> _Records for the exercise_
:::

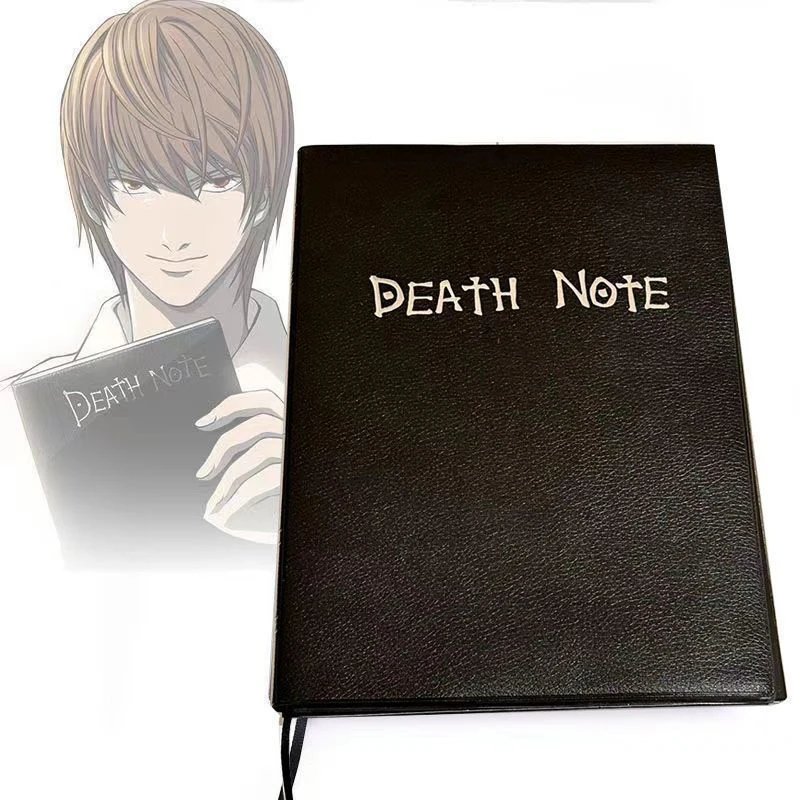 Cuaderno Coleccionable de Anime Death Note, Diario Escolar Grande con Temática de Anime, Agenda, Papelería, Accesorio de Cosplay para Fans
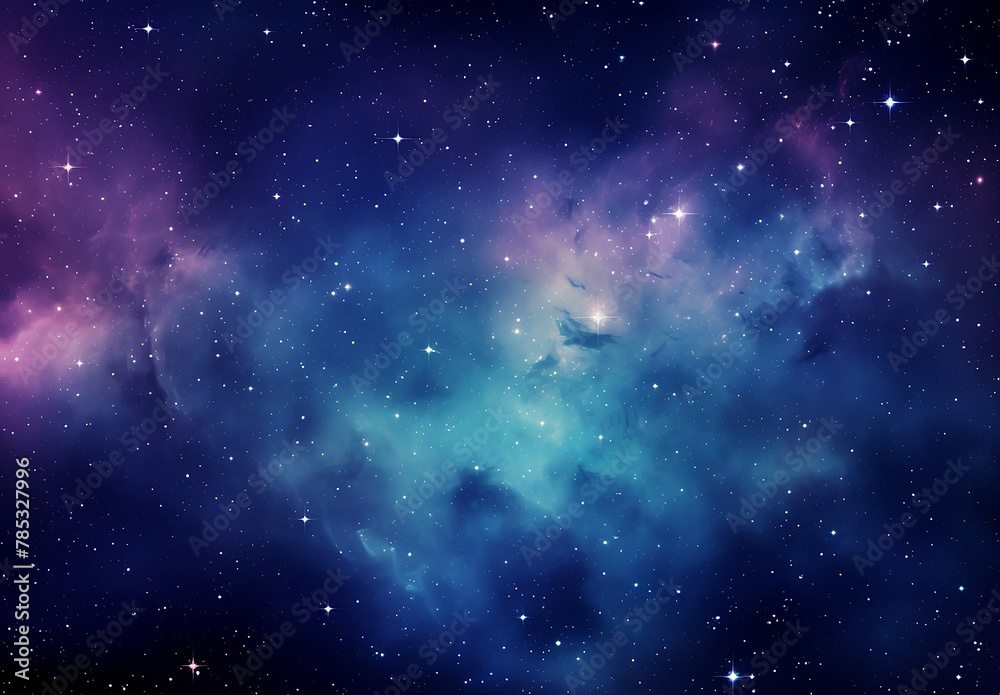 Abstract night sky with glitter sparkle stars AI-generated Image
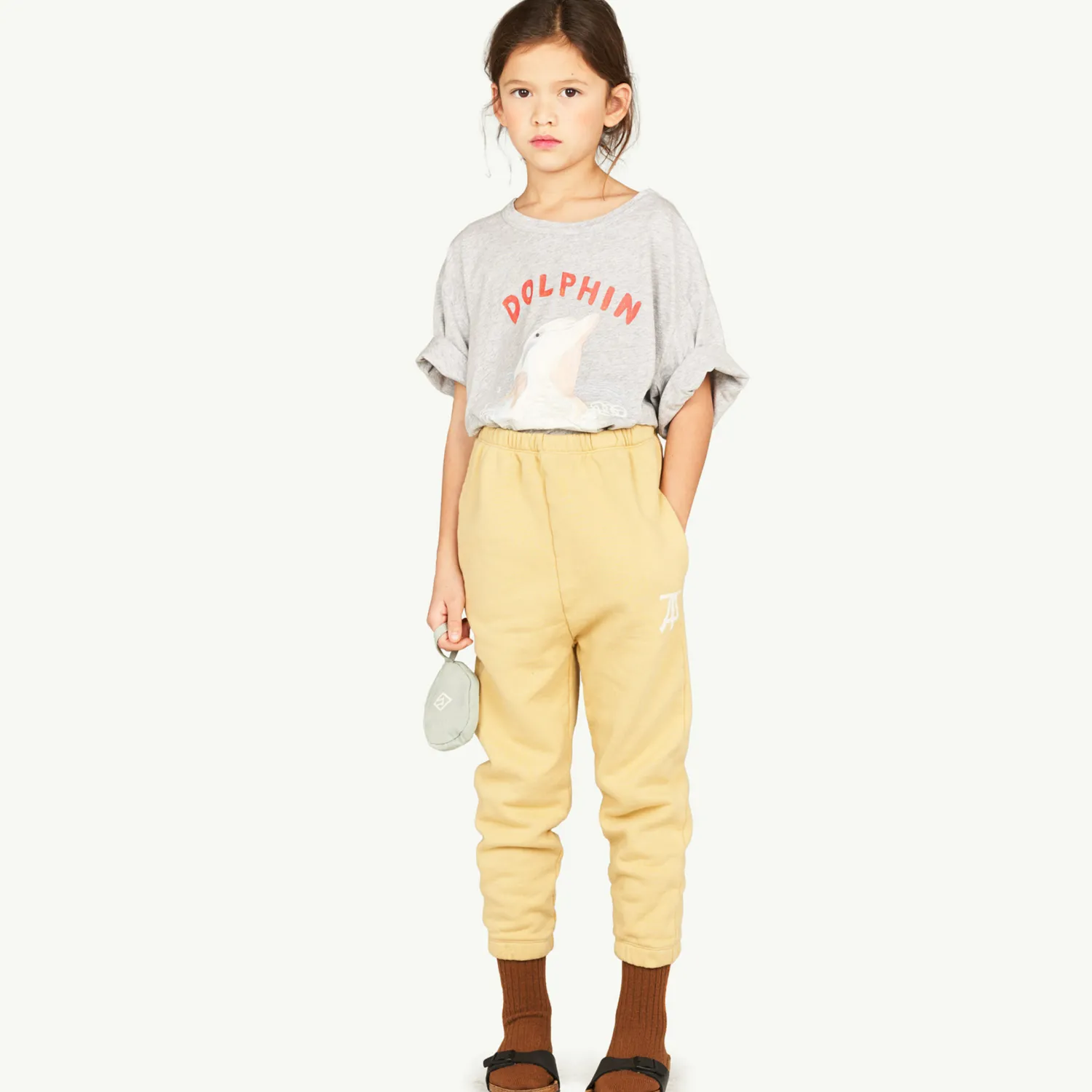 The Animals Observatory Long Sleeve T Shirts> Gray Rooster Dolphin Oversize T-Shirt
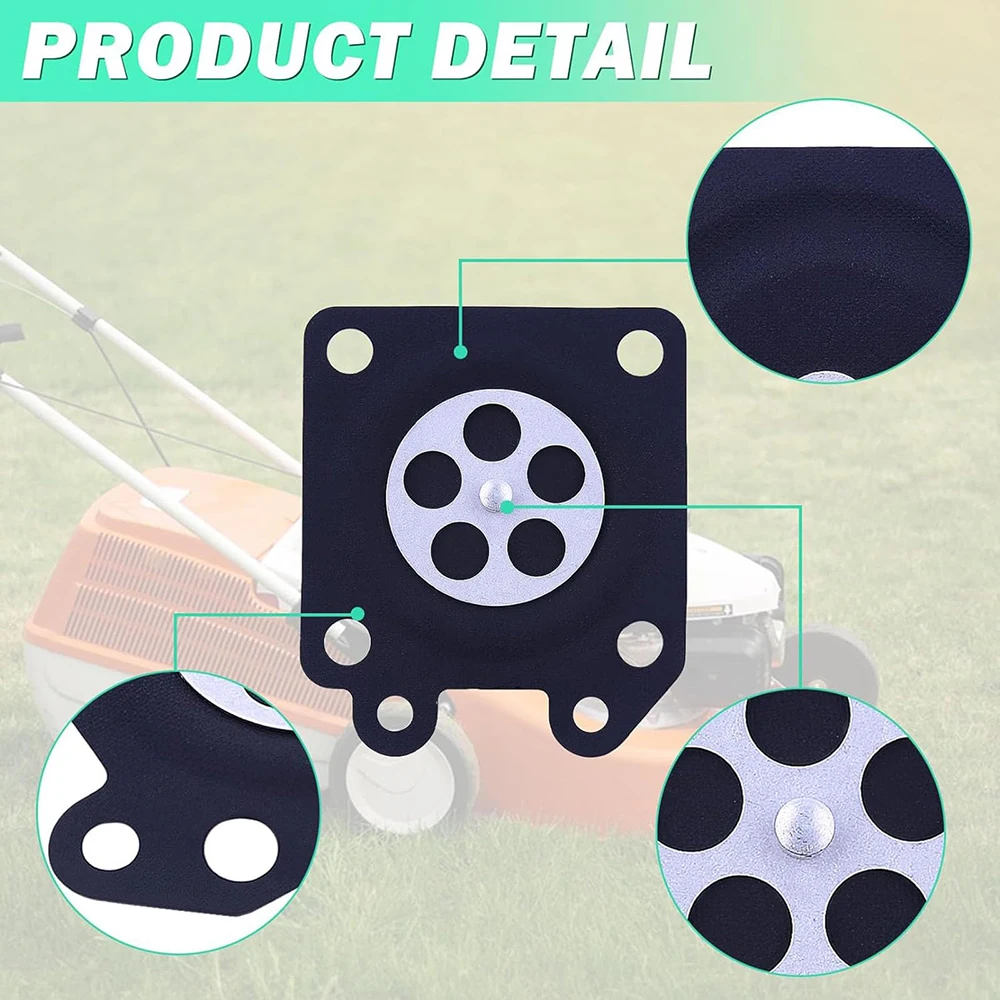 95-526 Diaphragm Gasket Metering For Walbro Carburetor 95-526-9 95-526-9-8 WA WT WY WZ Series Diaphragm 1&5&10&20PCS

:::

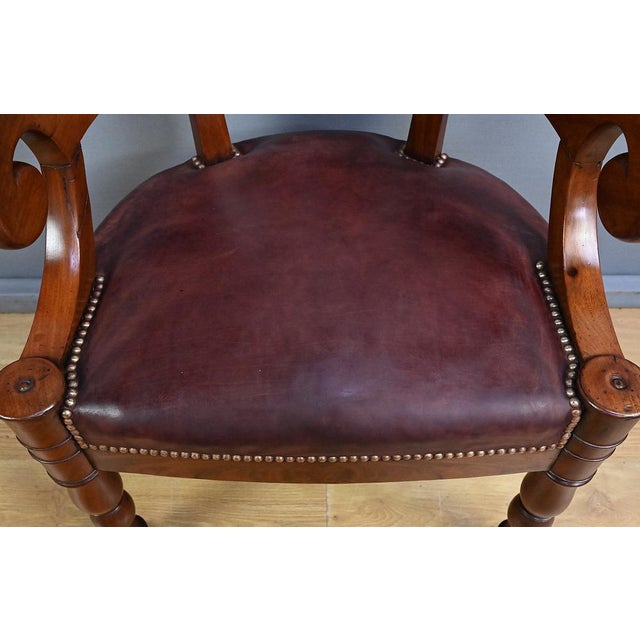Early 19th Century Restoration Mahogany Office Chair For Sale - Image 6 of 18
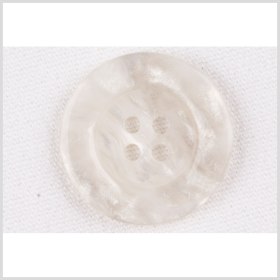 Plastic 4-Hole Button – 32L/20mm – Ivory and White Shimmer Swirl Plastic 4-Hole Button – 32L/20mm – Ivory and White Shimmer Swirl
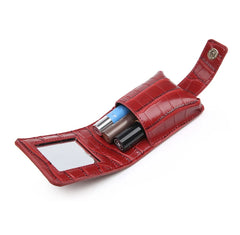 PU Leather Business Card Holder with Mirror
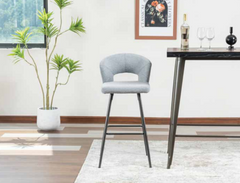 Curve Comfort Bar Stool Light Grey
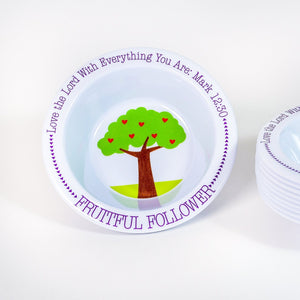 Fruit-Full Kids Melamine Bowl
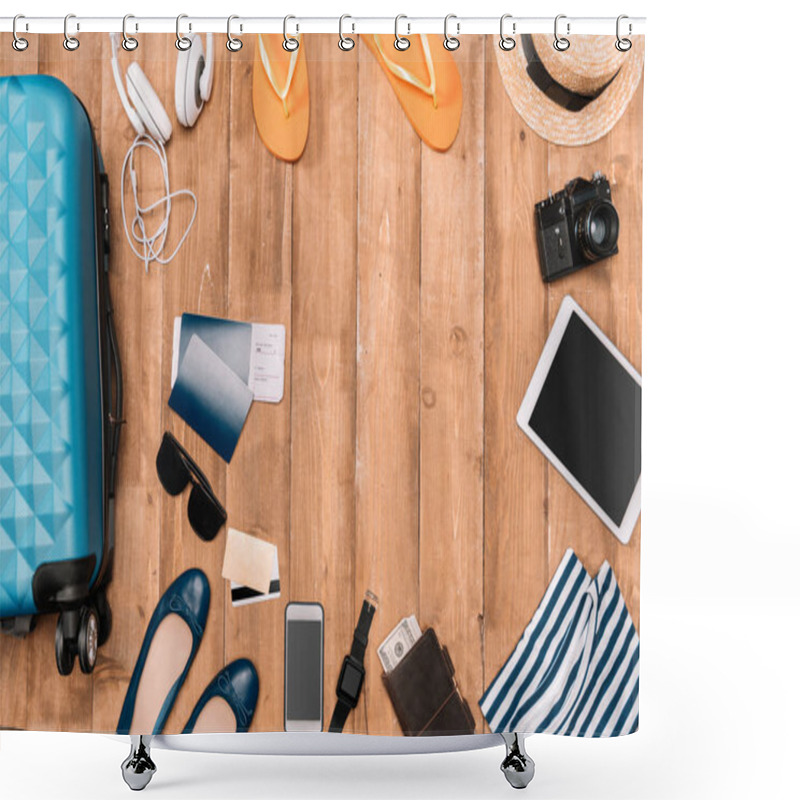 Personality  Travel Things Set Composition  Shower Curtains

:::

> _Exercise description_
Among the lines above, the one with "Abstract night sky" opens the part to repeat and the one with "95-526 Diaphragm Gasket" closes it; repeat only that part exactly, with no pictures.

> _Reply to the exercise_
 Abstract night sky with glitter sparkle stars AI-generated Image
 The Animals Observatory Long Sleeve T Shirts> Gray Rooster Dolphin Oversize T-Shirt
 95-526 Diaphragm Gasket Metering For Walbro Carburetor 95-526-9 95-526-9-8 WA WT WY WZ Series Diaphragm 1&5&10&20PCS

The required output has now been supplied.